Andrea Giani objął reprezentację Niemiec w 2017 roku po tym, jak pożegnał się z nią Vital Heynen. Wcześniej Włoch był selekcjonerem kadry Słowenii. Ze Słoweńcami sięgnął po złoto Ligi Europejskiej oraz srebro mistrzostw Europy, zaś z Niemcami w 2017 roku po srebrny medal mistrzostw Starego Kontynentu. Poprzedni kontrakt Gianiego z Niemieckim Związkiem Piłki Siatkowej wygasł w 2020 roku. Kolejny ma obowiązywać przez jeden rok. – Podjęliśmy świadomą decyzję o zrobieniu wspólnego kroku z Andreą Gianim. Jeśli chodzi o przyszłość sportową, jesteśmy obecnie w punkcie, w którym przyszłe wyniki w Lidze Narodów, z której punkty są ważne dla światowego rankingu, a także mistrzostwa Europy będą miały duży wpływ na długoterminowy rozwój zespołu – tłumaczy Christian Dünnes.
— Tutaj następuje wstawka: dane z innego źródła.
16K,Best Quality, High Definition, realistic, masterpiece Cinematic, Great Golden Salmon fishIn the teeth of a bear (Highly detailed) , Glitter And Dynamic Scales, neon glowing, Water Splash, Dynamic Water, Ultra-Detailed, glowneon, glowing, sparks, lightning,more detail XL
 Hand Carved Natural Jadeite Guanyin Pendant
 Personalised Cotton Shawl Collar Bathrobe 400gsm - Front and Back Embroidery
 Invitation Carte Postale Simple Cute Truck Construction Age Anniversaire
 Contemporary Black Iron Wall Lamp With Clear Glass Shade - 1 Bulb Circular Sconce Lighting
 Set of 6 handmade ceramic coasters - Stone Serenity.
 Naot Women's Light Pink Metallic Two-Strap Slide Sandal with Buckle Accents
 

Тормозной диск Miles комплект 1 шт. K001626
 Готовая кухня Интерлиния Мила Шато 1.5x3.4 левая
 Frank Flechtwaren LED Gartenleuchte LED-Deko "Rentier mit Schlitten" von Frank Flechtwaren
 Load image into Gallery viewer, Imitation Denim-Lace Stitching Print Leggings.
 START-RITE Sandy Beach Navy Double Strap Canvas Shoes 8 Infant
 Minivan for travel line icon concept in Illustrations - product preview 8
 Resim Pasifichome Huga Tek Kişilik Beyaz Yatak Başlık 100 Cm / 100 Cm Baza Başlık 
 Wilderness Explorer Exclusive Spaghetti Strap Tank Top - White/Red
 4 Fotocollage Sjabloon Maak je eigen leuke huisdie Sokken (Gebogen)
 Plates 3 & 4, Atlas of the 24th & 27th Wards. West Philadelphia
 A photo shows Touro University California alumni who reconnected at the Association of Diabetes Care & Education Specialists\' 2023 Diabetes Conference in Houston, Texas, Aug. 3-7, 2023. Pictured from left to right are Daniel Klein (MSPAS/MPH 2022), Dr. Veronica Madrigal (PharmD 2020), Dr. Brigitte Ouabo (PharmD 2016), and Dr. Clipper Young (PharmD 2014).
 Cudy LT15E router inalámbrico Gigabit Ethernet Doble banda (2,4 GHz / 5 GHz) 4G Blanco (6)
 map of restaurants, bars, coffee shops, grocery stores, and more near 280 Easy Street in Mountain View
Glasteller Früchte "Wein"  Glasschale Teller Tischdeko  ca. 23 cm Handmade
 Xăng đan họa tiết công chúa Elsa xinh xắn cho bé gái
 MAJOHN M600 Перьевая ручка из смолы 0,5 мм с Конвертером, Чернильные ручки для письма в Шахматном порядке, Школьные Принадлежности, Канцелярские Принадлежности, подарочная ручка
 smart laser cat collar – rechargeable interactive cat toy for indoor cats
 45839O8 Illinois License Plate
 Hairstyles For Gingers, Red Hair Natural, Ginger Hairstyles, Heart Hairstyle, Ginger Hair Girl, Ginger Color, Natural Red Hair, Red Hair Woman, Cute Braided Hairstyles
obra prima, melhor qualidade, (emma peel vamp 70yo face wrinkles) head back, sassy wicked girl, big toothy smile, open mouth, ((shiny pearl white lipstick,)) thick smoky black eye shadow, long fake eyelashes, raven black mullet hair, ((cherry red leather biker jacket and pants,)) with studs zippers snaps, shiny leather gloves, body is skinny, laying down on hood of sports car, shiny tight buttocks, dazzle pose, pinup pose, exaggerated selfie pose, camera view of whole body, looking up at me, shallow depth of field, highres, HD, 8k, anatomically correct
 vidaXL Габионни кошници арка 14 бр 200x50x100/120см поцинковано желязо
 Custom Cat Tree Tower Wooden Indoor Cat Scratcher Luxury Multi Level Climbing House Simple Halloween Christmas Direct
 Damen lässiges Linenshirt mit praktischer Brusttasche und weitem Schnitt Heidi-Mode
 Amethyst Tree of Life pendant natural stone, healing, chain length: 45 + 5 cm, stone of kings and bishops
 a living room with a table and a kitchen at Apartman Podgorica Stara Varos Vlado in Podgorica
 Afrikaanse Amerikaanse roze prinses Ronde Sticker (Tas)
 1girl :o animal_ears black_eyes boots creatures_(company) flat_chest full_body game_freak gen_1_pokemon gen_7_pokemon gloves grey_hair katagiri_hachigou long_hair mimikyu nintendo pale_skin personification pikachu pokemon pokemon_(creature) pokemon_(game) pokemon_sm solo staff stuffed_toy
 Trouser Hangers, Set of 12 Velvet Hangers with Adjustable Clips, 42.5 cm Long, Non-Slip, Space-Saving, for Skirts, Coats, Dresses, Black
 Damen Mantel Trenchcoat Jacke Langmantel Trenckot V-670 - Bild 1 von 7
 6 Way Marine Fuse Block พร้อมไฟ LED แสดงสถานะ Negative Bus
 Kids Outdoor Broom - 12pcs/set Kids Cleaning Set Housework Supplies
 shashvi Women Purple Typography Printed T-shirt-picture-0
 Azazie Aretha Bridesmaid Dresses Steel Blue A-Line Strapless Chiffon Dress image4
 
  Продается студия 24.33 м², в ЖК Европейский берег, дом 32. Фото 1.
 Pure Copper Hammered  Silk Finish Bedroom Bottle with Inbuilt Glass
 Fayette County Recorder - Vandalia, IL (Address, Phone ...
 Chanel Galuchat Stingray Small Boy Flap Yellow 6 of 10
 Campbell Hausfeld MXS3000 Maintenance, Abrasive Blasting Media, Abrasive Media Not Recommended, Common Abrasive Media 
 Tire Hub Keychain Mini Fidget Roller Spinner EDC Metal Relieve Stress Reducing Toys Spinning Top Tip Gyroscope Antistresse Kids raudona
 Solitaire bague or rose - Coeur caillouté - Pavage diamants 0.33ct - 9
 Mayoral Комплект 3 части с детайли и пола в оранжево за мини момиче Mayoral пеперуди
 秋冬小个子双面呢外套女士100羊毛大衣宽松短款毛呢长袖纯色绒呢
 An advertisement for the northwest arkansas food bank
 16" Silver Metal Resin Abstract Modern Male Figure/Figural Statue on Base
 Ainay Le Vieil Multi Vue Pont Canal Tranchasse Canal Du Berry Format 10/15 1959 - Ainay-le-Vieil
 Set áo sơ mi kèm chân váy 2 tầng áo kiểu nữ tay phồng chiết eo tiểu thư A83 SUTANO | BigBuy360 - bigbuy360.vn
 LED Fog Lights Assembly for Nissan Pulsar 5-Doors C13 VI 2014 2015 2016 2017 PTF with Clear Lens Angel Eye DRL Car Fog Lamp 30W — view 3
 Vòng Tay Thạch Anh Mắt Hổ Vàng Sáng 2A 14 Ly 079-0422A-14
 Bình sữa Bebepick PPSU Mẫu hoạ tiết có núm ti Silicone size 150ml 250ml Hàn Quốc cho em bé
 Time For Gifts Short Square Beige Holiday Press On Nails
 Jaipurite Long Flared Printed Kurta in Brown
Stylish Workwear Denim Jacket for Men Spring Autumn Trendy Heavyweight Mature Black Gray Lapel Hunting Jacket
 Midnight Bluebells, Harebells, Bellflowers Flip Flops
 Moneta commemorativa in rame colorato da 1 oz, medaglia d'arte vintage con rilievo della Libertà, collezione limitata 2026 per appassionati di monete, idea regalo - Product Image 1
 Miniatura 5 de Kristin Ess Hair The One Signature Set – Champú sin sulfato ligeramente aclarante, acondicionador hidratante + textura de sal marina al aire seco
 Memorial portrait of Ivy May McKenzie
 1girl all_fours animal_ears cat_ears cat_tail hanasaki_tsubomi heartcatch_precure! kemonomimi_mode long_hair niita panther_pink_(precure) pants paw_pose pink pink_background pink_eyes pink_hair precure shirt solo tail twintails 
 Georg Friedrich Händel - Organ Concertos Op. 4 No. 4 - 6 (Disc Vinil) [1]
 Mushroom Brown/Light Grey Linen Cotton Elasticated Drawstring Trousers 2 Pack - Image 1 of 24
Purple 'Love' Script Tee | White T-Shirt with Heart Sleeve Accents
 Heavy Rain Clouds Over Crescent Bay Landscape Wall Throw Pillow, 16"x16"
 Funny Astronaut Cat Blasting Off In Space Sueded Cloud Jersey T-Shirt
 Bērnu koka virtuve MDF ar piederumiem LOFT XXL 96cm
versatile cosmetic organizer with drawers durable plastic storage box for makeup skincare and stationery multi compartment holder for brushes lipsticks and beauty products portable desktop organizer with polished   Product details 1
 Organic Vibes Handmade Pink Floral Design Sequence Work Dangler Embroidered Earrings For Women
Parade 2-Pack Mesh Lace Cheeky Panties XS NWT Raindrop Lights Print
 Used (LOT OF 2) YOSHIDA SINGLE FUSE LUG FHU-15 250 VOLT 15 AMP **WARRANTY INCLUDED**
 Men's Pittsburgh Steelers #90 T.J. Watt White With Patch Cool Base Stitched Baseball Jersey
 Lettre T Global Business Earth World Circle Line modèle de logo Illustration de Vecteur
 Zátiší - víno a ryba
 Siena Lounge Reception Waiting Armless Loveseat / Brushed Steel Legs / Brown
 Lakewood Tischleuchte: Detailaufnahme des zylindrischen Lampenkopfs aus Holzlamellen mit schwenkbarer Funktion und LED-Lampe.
Niewykluczone, że przygoda Gianiego z reprezentacją Niemiec potrwa dłużej. – Pod koniec roku usiądziemy ponownie, ocenimy wyniki i zdecydujemy, czy chcemy dalej razem podążać tą ścieżką. Nie będziemy uzależniać tego od konkretnych miejsc. Chodzi raczej o rozwój zespołu, który ma dać nam poczucie, że możemy ponownie zaatakować szczyt z 21. miejsca w światowym rankingu – dodał Dünnes. – W ciągu ostatnich czterech lat jako zespół świętowaliśmy wielki sukces, ale również ponieśliśmy bolesne porażki. Jesteśmy na rozdrożu. Chciałbym kontynuować pracę z zespołem, ale do tego potrzebuję również wyraźnego sygnału od drużyny – przyznał Giani.
Oprócz Gianiego przedłużono również kontrakty z członkami jego sztabu – Roberto Ciamarrą i Oscarem Bertim. Thomas Ranner zostanie nowym asystentem trenera. – Bardzo cieszę się, że Andrea zostaje na pokładzie. W ostatnich latach widać było, że bardzo lubimy z nim pracować, możemy się od niego wiele nauczyć, młodzi zawodnicy są wprowadzani, a kiedy spotykamy się jako zespół, panuje wspaniała atmosfera. Dla mnie przedłużenie „tylko” na jeden rok nie jest złym sygnałem. Raczej podążam za argumentacją Andrei i Christiana. Udowodnimy Andrei, że słusznie przedłużył kontrakt i że chcemy go zatrzymać – skomentował kapitan Lukas Kampa.